• WORK INSTRUCTION:
What needs reproducing is the run of lines in the data below starting at the line with "FORD FOCUS MK2" and ending at the line with "liilygrey Live Webcam on CamSoda", both ends included. Copy it exactly, without pictures, and add nothing.

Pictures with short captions
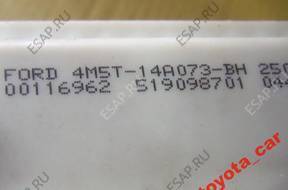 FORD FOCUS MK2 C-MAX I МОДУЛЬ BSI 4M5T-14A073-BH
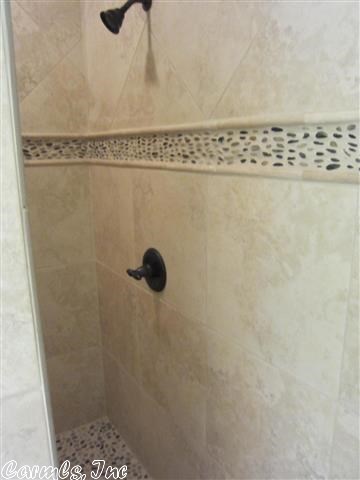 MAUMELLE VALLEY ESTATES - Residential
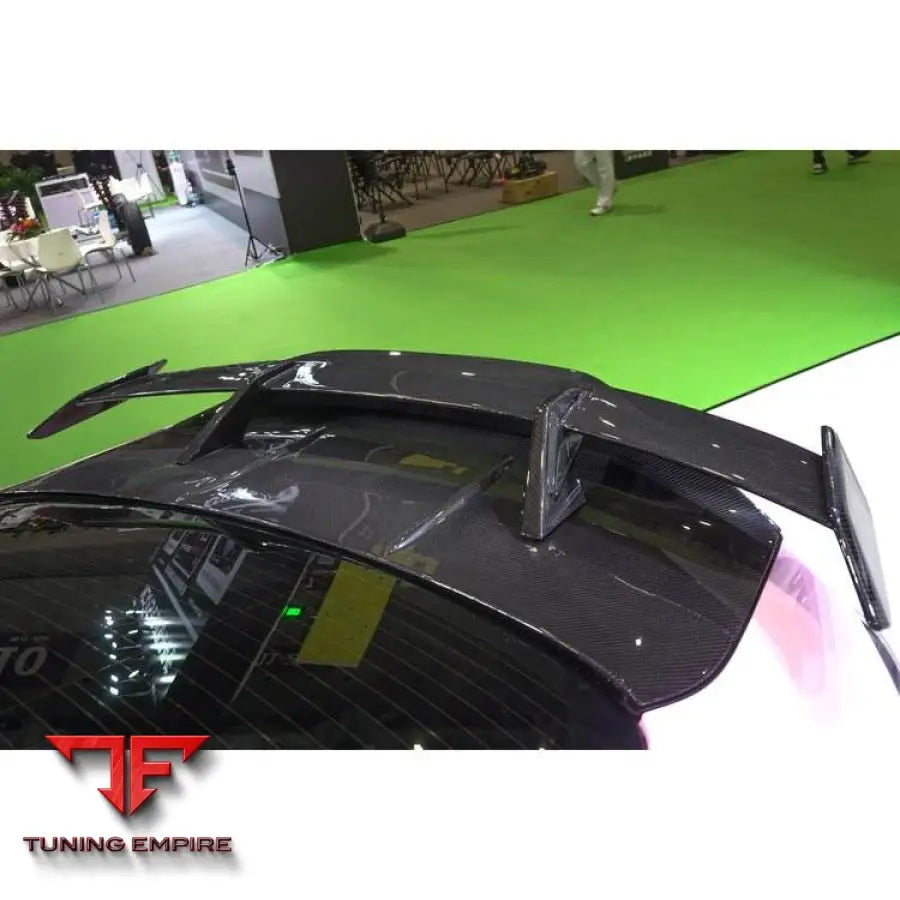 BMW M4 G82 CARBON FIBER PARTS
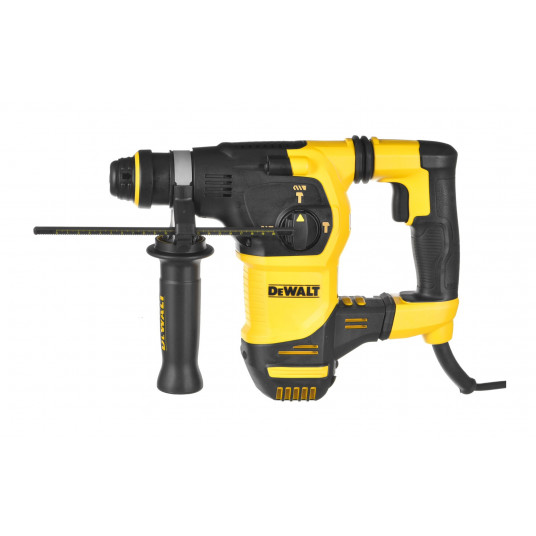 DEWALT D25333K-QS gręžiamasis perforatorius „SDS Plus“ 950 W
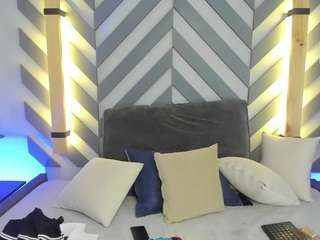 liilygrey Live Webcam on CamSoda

* * *

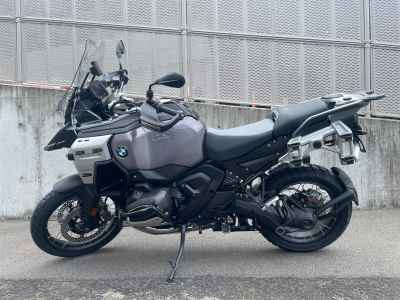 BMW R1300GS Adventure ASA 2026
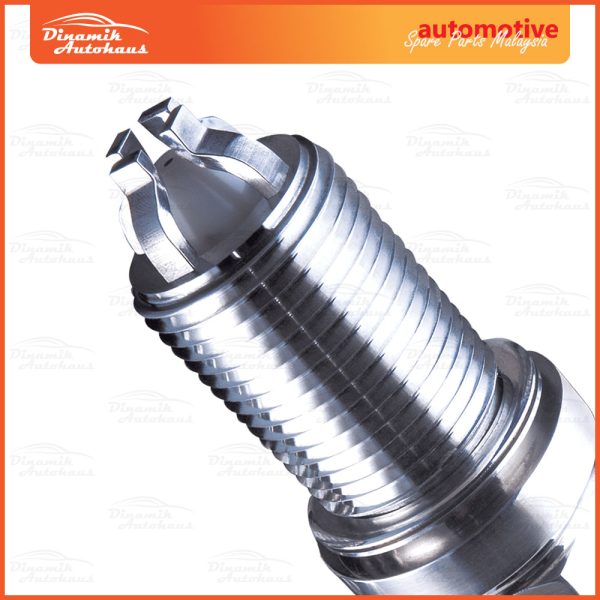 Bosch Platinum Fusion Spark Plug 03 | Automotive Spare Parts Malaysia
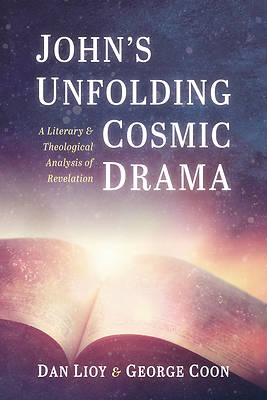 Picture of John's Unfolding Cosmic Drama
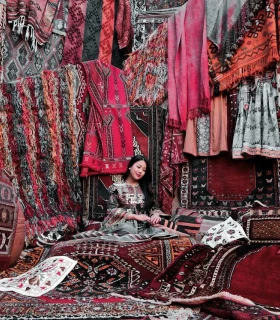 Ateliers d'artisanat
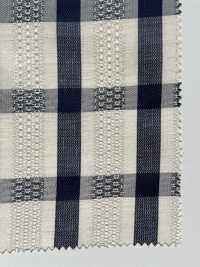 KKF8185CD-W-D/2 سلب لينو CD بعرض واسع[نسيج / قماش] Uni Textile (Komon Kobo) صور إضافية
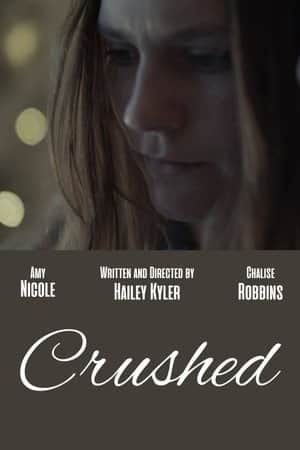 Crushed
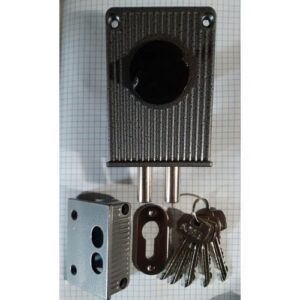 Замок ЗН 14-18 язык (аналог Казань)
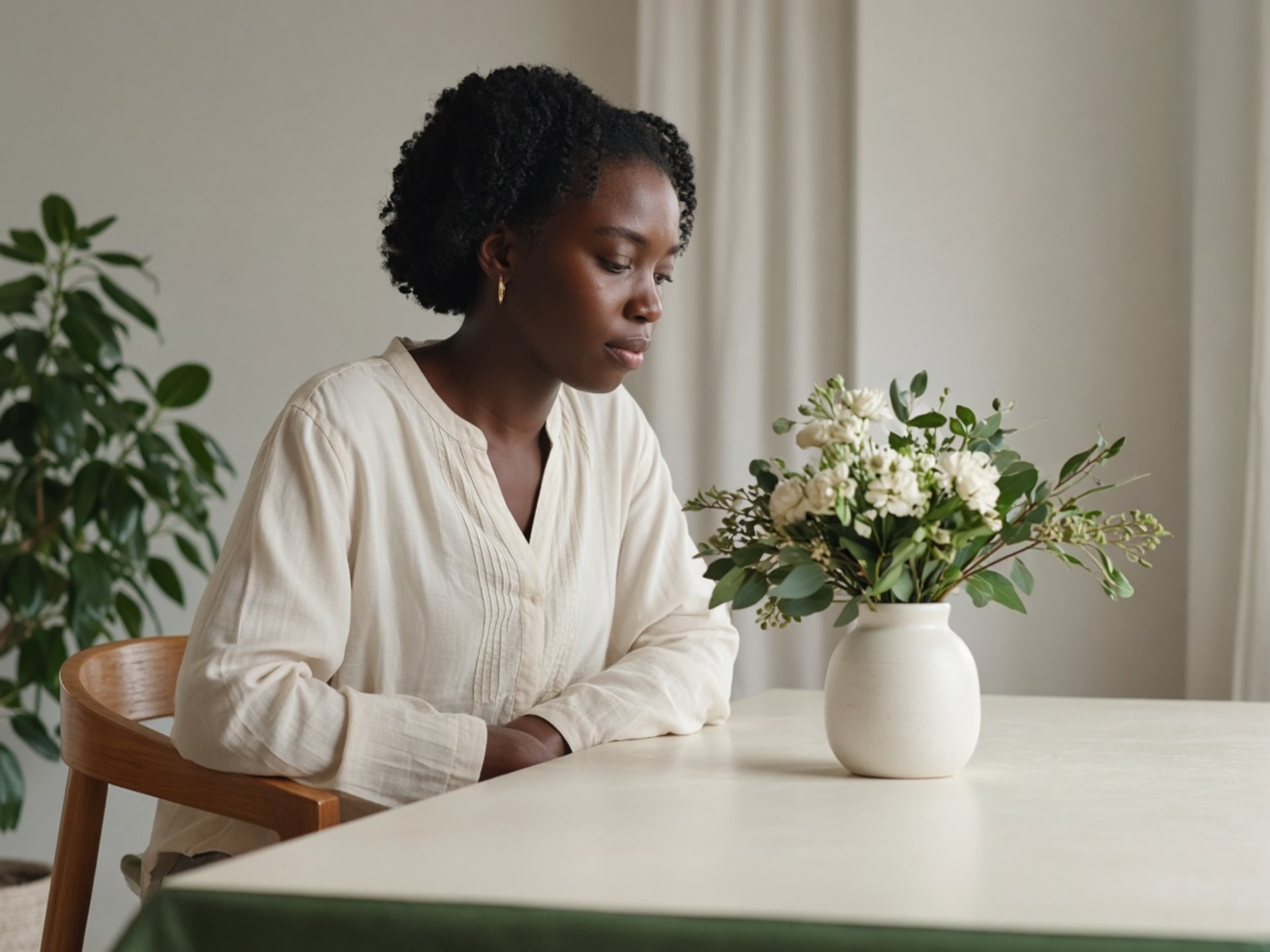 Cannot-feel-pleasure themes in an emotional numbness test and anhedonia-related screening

• RESPONSE AREA:
 FORD FOCUS MK2 C-MAX I МОДУЛЬ BSI 4M5T-14A073-BH
 MAUMELLE VALLEY ESTATES - Residential
 BMW M4 G82 CARBON FIBER PARTS
 DEWALT D25333K-QS gręžiamasis perforatorius „SDS Plus“ 950 W
 liilygrey Live Webcam on CamSoda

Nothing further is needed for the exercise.